Dynein-2 is tuned for the A-tubule of the ciliary doublet through tubulin tyrosination

Eukaryotic cilia and flagella are thin structures present on the surface of cells, playing vital roles in signaling and cellular motion. Cilia structures rely on intraflagellar transport (IFT), which involves dynein-2 for retrograde and kinesin-2 for anterograde movements along doublet microtubules. Unlike dynein-1, which works on singlet microtubules within the cytoplasm, dynein-2 specifically works on the doublet microtubules inside the cilia. Previous cryo-electron tomography studies have shown that retrograde IFT, driven by dynein-2, occurs on the A-tubule of the doublet, suggesting a specialized regulatory mechanism involving dynein-2. However, the molecular basis of this specificity remains unclear.

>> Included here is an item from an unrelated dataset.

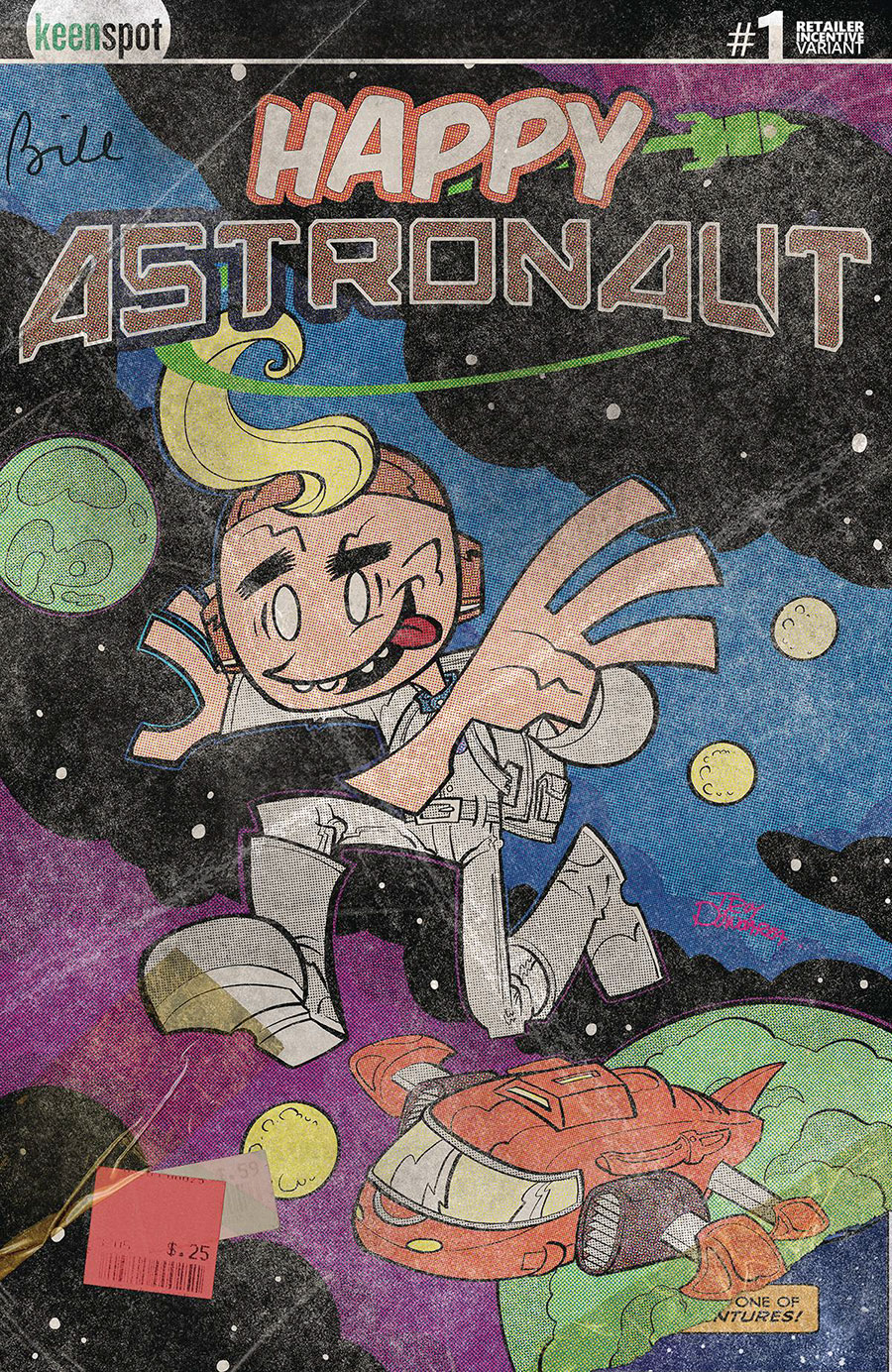 Happy Astronaut #1 Cover E Incentive Troy Dongarra & Matt Rodgers Weathered Variant Cover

Here, we investigated this mechanism using cryo-electron tomography (cryo-ET) with Volta Phase Plate (VPP), molecular dynamics (MD) simulations, and biochemical analysis. Our biochemical assay revealed that the microtubule-binding domain of dynein-2 exhibits a higher affinity for the ciliary doublet microtubule compared to dynein-1. Cryo-ET with VPP further visualized the preferential binding of dynein-2 to the A-tubule of the doublet microtubule. MD simulations suggest that the preferential binding of dynein-2 is attributed to the tyrosinated tubulin in the A-tubule. These findings uncover a tyrosination-dependent regulatory mechanism that governs the bidirectional transport of IFT on doublet microtubules, providing new insights into the spatial and functional specialization of ciliary transport systems.